I dunno, meeting women isn't hard.. meeting a woman to marry is probably a bit tougher, but frankly if one isn't looking to get married (which it sounds like most of these guys aren't or weren't) one is very likely not to ever be.

Yes, "modern" american women, a lot of em can be superficial and frankly basket cases when it comes to expectations in a long term relationship... but not all.

I meet women all the time, I am happily married, so I'm not looking for a wife, but I'd say about 50% of those I spend any time with that I have met would certainly be on the "possible" list if I was looking.. the other 50% are either too self absorbed, to superficial, to selfish, or have personality or world views that I know from experience would clash to hard with my own to be successful, or while nice gals, have unrealistic expectations from relationships, or are still in their flighty stage, not going to settle down... or never will.... and yes, some just don't understand men at all... and expect men to be women... and that just ain't gonna happen.

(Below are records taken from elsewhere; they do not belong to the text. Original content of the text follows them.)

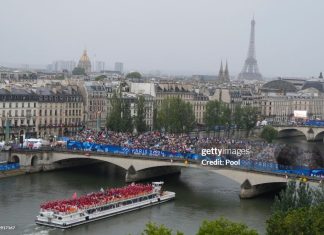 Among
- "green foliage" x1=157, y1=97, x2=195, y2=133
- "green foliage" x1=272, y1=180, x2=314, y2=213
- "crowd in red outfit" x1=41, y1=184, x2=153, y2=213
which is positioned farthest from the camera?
"green foliage" x1=157, y1=97, x2=195, y2=133

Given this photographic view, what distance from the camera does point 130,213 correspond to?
43312mm

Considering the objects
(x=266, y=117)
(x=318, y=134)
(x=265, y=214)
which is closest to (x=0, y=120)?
(x=265, y=214)

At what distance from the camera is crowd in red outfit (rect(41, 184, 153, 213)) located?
3941 cm

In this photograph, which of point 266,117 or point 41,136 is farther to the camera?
point 266,117

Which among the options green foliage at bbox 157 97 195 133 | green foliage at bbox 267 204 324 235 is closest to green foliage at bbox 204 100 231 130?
green foliage at bbox 157 97 195 133

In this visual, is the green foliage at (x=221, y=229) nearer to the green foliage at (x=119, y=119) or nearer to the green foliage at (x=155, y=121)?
the green foliage at (x=119, y=119)

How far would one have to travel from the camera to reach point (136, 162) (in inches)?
2067

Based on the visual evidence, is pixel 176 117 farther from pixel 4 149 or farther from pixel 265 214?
pixel 265 214

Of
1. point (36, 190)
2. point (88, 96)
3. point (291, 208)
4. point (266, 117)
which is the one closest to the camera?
point (291, 208)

I know that honestly, if I found myself trapped in midtown manhattan and had to find a bride, I'd probably be going after the first or second generation immigrants... they still have some sense about them when it comes to the relationship between men and women... and not fully corrupted by consumerism and greed... and frankly haven't been with everyone and their brother during the "wild days" and now want to settle down.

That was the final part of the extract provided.